*What you are asked to do*: Transcribe the whole listing exactly, but do not carry over its pictures.

---

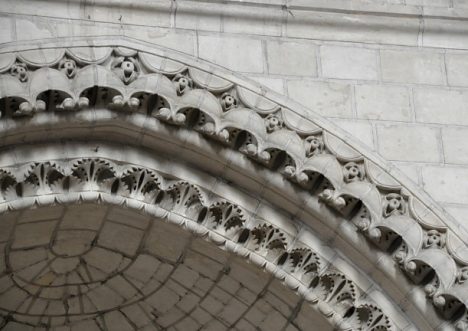 Bandes sculptées à l'entrée de la voûte d'une chapelle latérale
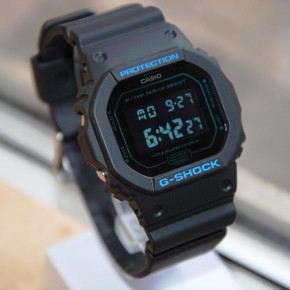   Casio DW-5600BBM-1ER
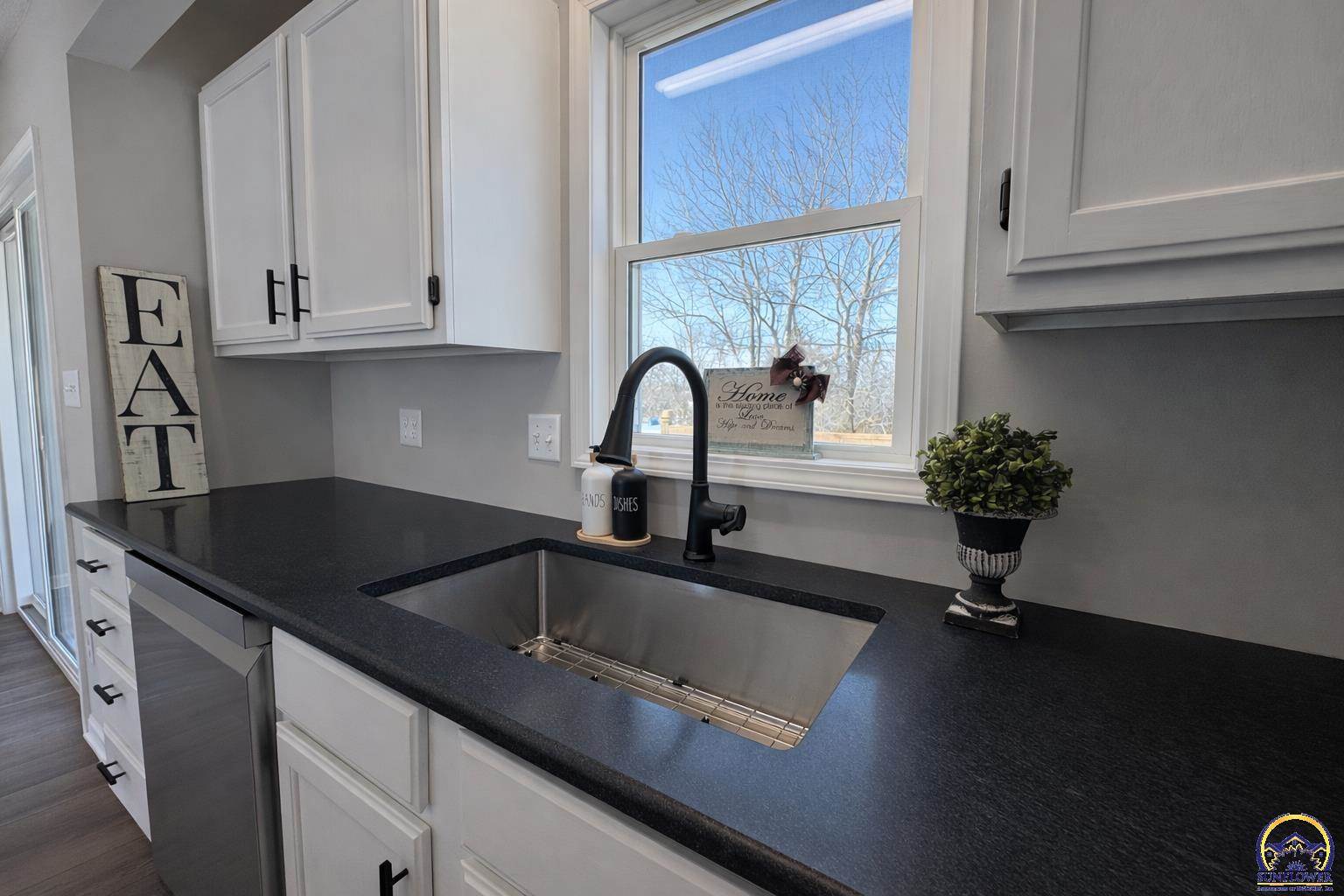 7879 Seneca Lake RD, Ozawkie, KS 66070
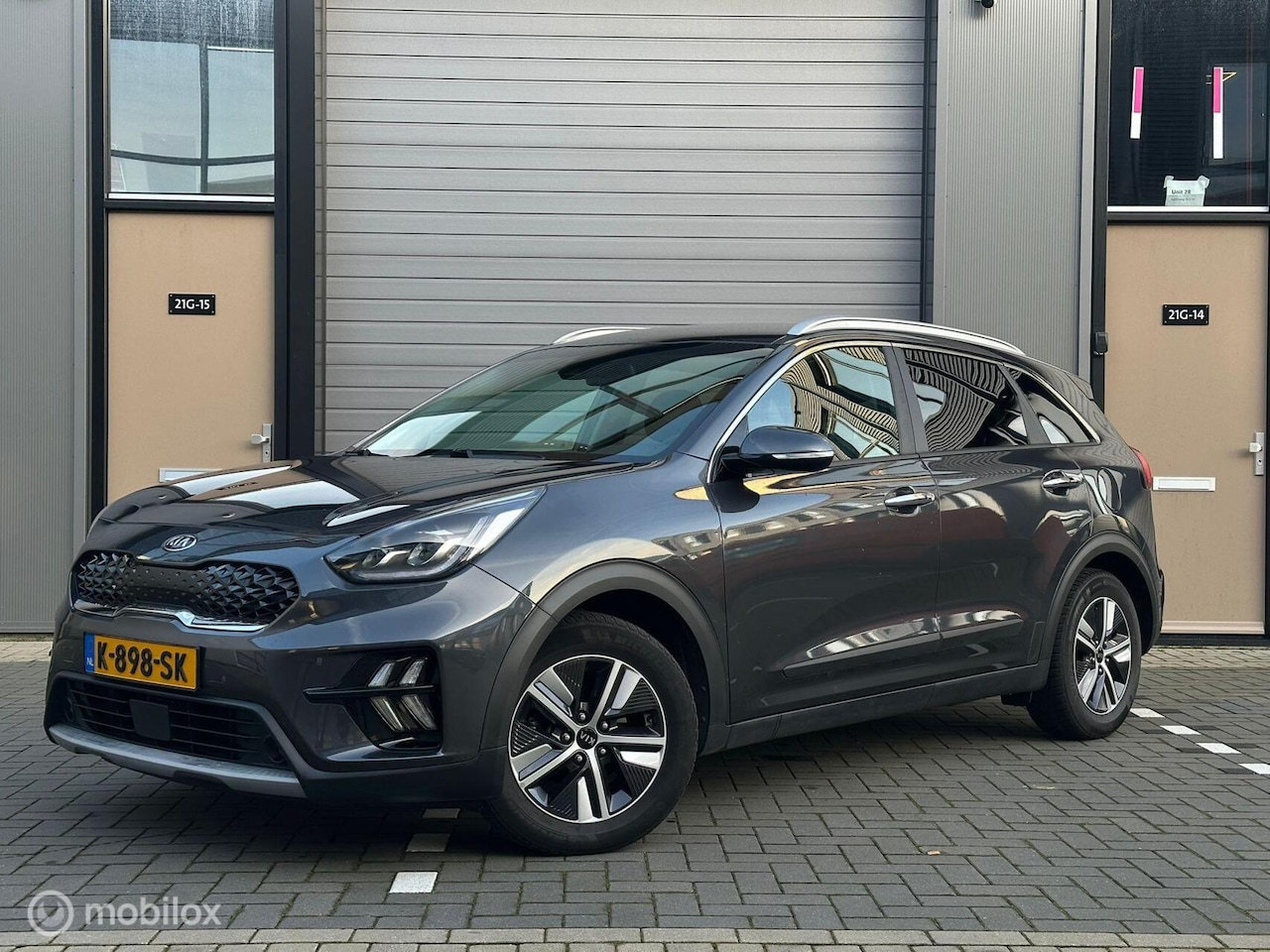 Kia Niro - 1.6 GDi Hybrid DynamicPlusLine 1.6 GDi Hybrid DynamicPlusLine - AutoWereld.nl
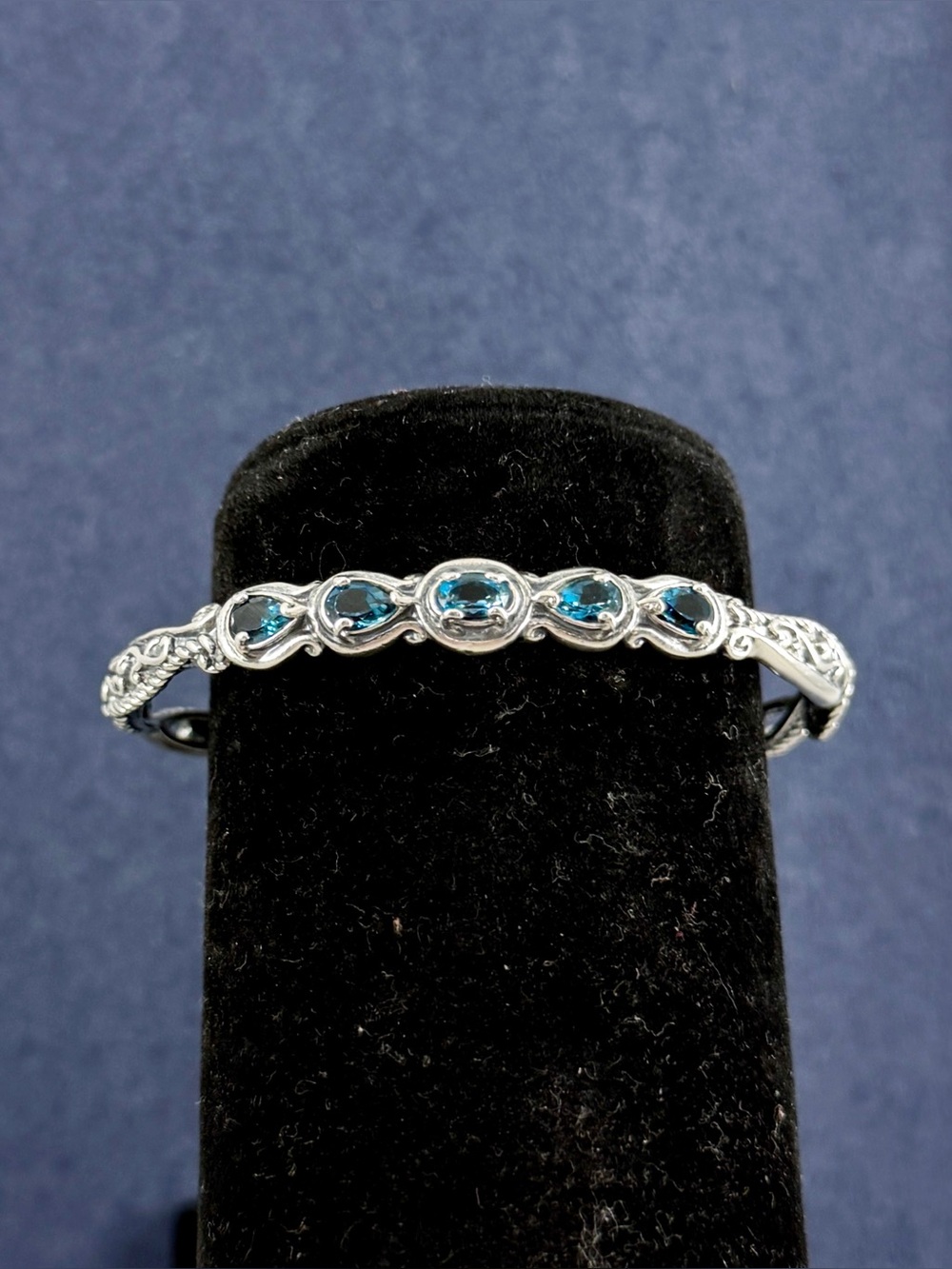CAROLYN POLLACK Relios Sterling Silver Blue Topaz Etched Filigree Cuff Bracelet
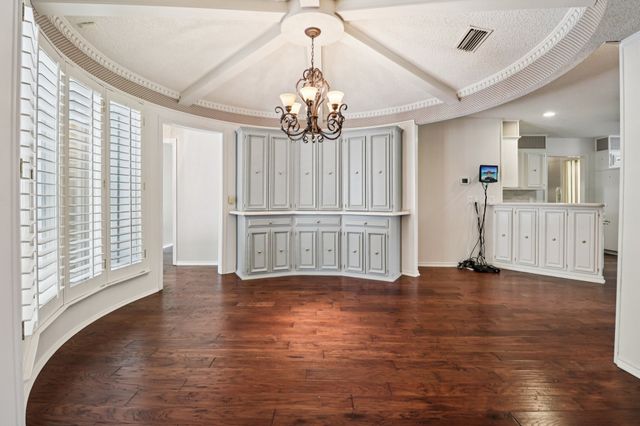 1015 Crowley Road, Arlington, TX 76012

---

*Output of the task*:
 Bandes sculptées à l'entrée de la voûte d'une chapelle latérale
   Casio DW-5600BBM-1ER
 7879 Seneca Lake RD, Ozawkie, KS 66070
 Kia Niro - 1.6 GDi Hybrid DynamicPlusLine 1.6 GDi Hybrid DynamicPlusLine - AutoWereld.nl
CAROLYN POLLACK Relios Sterling Silver Blue Topaz Etched Filigree Cuff Bracelet
 1015 Crowley Road, Arlington, TX 76012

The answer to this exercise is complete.